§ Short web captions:
┌──
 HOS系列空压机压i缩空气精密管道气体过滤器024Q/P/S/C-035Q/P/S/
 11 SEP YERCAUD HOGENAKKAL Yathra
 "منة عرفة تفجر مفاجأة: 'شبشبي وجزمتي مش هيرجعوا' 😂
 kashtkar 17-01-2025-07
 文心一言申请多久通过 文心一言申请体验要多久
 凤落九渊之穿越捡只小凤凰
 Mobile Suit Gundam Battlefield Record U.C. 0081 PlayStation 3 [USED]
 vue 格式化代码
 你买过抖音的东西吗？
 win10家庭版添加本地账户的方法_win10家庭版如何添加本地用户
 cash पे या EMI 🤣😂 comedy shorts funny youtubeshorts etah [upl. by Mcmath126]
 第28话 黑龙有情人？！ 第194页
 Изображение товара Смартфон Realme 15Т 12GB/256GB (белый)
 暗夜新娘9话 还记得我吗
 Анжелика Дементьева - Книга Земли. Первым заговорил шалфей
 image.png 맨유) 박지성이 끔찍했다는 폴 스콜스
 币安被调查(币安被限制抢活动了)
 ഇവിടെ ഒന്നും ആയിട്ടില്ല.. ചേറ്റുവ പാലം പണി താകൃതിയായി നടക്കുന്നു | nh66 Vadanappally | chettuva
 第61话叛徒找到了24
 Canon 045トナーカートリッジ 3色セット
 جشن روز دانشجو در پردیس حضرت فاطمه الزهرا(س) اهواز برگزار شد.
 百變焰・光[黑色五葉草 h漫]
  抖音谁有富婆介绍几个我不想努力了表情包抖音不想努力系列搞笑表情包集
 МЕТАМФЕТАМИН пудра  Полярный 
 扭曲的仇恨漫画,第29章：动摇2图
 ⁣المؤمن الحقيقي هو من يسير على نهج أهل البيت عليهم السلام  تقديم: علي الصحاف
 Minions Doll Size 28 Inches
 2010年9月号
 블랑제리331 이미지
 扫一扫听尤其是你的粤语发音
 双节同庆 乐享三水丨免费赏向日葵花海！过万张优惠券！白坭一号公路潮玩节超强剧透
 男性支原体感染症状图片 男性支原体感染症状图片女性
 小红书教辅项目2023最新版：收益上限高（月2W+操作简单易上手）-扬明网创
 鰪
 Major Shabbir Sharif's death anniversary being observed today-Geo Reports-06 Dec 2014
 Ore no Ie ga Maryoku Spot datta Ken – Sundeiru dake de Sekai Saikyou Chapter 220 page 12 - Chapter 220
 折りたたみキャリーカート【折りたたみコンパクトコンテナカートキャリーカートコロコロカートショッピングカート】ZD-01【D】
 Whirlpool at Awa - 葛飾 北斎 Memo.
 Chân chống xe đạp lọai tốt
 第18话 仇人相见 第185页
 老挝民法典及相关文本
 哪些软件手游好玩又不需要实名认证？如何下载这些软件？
└──
§ Directions: All of the data must be returned exactly.

§ Response to the task:
 HOS系列空压机压i缩空气精密管道气体过滤器024Q/P/S/C-035Q/P/S/
 11 SEP YERCAUD HOGENAKKAL Yathra
 "منة عرفة تفجر مفاجأة: 'شبشبي وجزمتي مش هيرجعوا' 😂
 kashtkar 17-01-2025-07
 文心一言申请多久通过 文心一言申请体验要多久
 凤落九渊之穿越捡只小凤凰
 Mobile Suit Gundam Battlefield Record U.C. 0081 PlayStation 3 [USED]
 vue 格式化代码
 你买过抖音的东西吗？
 win10家庭版添加本地账户的方法_win10家庭版如何添加本地用户
 cash पे या EMI 🤣😂 comedy shorts funny youtubeshorts etah [upl. by Mcmath126]
 第28话 黑龙有情人？！ 第194页
 Изображение товара Смартфон Realme 15Т 12GB/256GB (белый)
 暗夜新娘9话 还记得我吗
 Анжелика Дементьева - Книга Земли. Первым заговорил шалфей
 image.png 맨유) 박지성이 끔찍했다는 폴 스콜스
 币安被调查(币安被限制抢活动了)
 ഇവിടെ ഒന്നും ആയിട്ടില്ല.. ചേറ്റുവ പാലം പണി താകൃതിയായി നടക്കുന്നു | nh66 Vadanappally | chettuva
 第61话叛徒找到了24
 Canon 045トナーカートリッジ 3色セット
 جشن روز دانشجو در پردیس حضرت فاطمه الزهرا(س) اهواز برگزار شد.
 百變焰・光[黑色五葉草 h漫]
  抖音谁有富婆介绍几个我不想努力了表情包抖音不想努力系列搞笑表情包集
 МЕТАМФЕТАМИН пудра  Полярный 
 扭曲的仇恨漫画,第29章：动摇2图
 ⁣المؤمن الحقيقي هو من يسير على نهج أهل البيت عليهم السلام  تقديم: علي الصحاف
 Minions Doll Size 28 Inches
 2010年9月号
 블랑제리331 이미지
 扫一扫听尤其是你的粤语发音
 双节同庆 乐享三水丨免费赏向日葵花海！过万张优惠券！白坭一号公路潮玩节超强剧透
 男性支原体感染症状图片 男性支原体感染症状图片女性
 小红书教辅项目2023最新版：收益上限高（月2W+操作简单易上手）-扬明网创
 鰪
 Major Shabbir Sharif's death anniversary being observed today-Geo Reports-06 Dec 2014
 Ore no Ie ga Maryoku Spot datta Ken – Sundeiru dake de Sekai Saikyou Chapter 220 page 12 - Chapter 220
 折りたたみキャリーカート【折りたたみコンパクトコンテナカートキャリーカートコロコロカートショッピングカート】ZD-01【D】
 Whirlpool at Awa - 葛飾 北斎 Memo.
 Chân chống xe đạp lọai tốt
 第18话 仇人相见 第185页
 老挝民法典及相关文本
 哪些软件手游好玩又不需要实名认证？如何下载这些软件？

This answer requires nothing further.